There are several other conflicts throughout the lawsuit, but what stands out is the choreography. In recent years, a few celebrities have gotten into disputes over ownership of dance routines, such as in 2011, when avant-garde Belgian choreographer Anne Teresa De Keersmaeker accused Beyonce of plagiarising several of her experimental ballets. (The feud never escalated to a lawsuit.)
Choreography was always arguably subject to copyright under the earliest copyright law, which was enacted in 1790 and slowly expanded to cover other areas outside of maps, books and charts. But the 1976 Copyright Act was the first US law expressly to make choreography a copyrightable subject matter.

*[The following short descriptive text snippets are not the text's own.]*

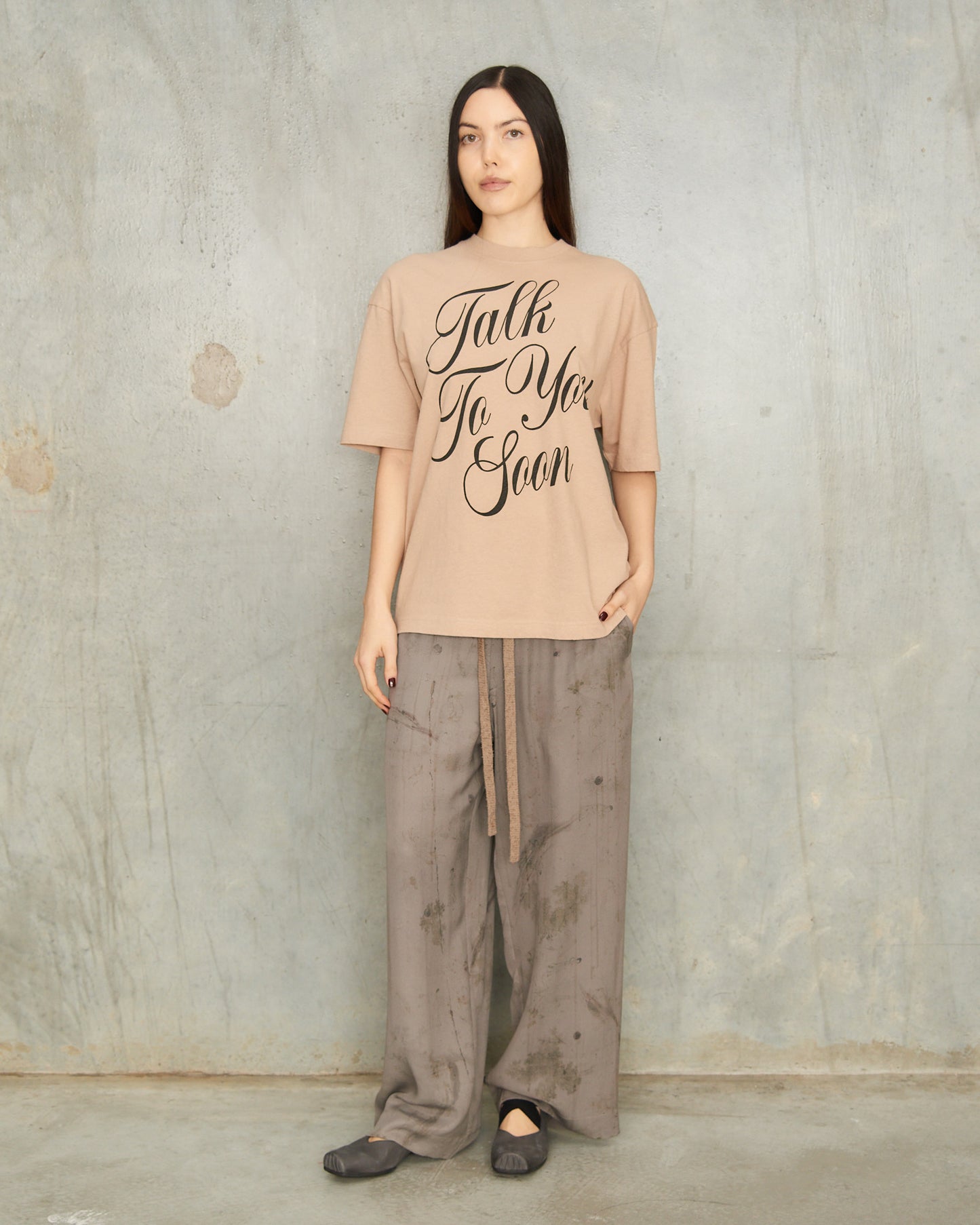 Beige Talk To You Soon T-Shirt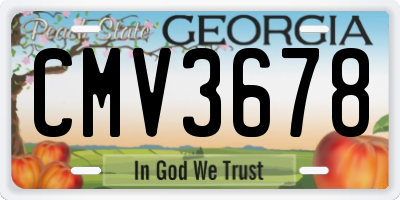 GA license plate CMV3678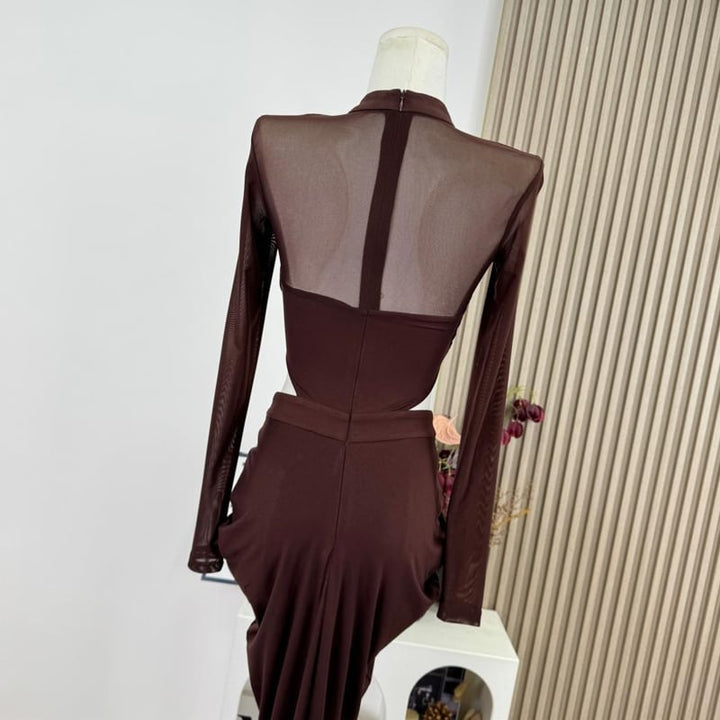 【dress】クロスネックチュールドッキングロングワンピース Q7951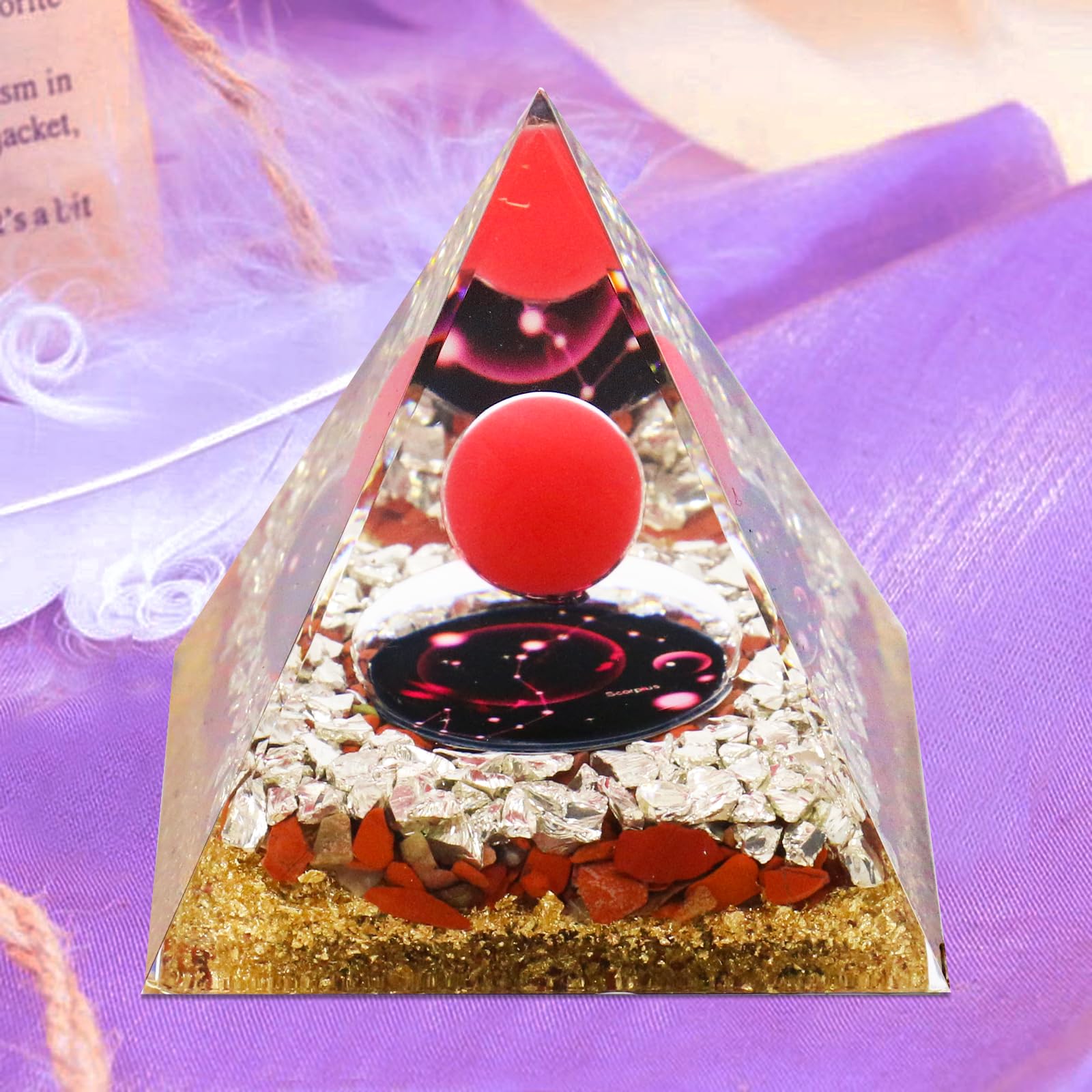 Crystal Pyramid, Red Jasper Zodiac Scorpio Orgone Pyramid, Healing Crystal, Postive Energy Orgonite Crystal Healing for Yoga, Meditation, Stress Reduce (Scorpio B)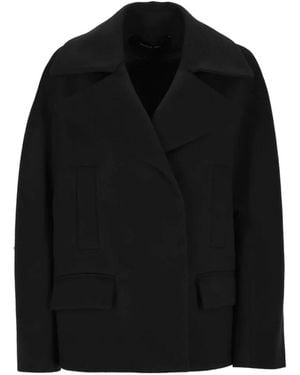 FEDERICA TOSI Notched-Lapels Flap-Pockets Coat - Black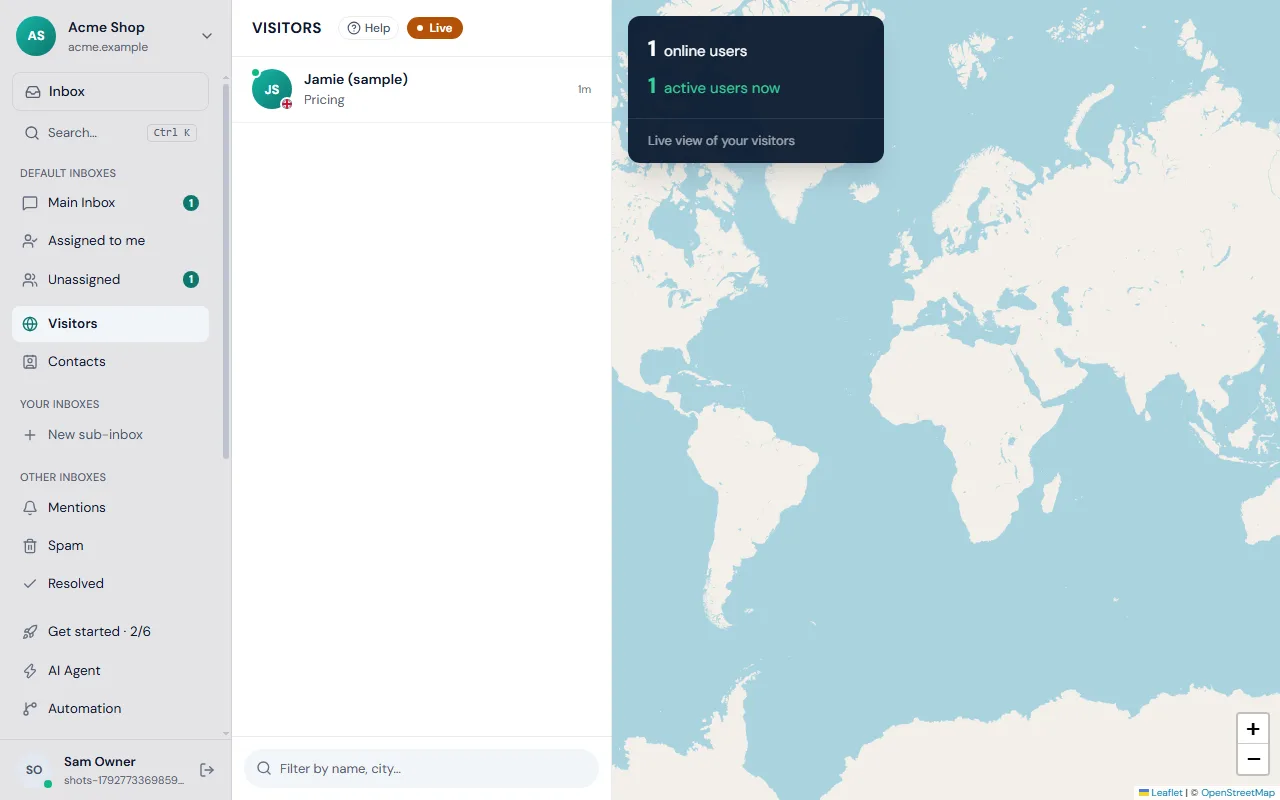 The Visitors screen: the list of people on the website now, and a world map with online and active user counts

Before that, as attorney Nicholas Arcomano noted in the New York Times in 1981s’ “the only way a choreographer could obtain protection against unauthorised performances of a dance work was to attempt to register it as a ‘dramatic composition,’” which he called an “unrealistic and narrow approach.”
The reason that was so unrealistic was illuminated in 1892, when dancer Loie Fuller sued another dancer for performing her creation, “Serpintine Dance,” which Fuller had performed at Madison Square Theater. The court dismissed the suit, claiming that ‘’a stage dance illustrating the poetry of motion by a series of graceful movements combined with an attractive arrangement of drapery, lights, and shadows, but telling no story, portraying no character and depicting no emotion is not a dramatic composition within the meaning of the Copyright Act.’’
In other words, there was no story.
The Copyright Act of 1909 addressed the issue, but claimed that to be subject to copyright, a dance, such as ballet, had to ‘’tell a story, develop a character or express a theme or emotion by means of specific dance movements and physical actions.’’
Now, thanks to the 1976 act, choreography now follows the same guidelines as most other works subject to copyright. To be eligible, a choreographed artistic routine must fit two basic requirements: “It has not to have been copied from something else. It has to be originated by the author. And second, it needs a modicum of creativity,” said Terry Hart, the vice president of legal policy and copyright counsel for the Copyright Alliance, a nonprofit organisation that defends the copyrights of artists.
“It needs some creative spark, but that threshold is pretty low, generally speaking,” he added.
When it comes to choreography, Hart said, the arranged dance generally has “to project something to the audience, unlike a social dance like a square dance, which is performed by the public.”
That said, he pointed out in dance - like in all art - there are certain building blocks that artists can use as a foundation to create something larger, much like the same four chords are often recycled through much of rock music but are arranged to create different songs. The key is that the dance has to be perceptively different from those building blocks.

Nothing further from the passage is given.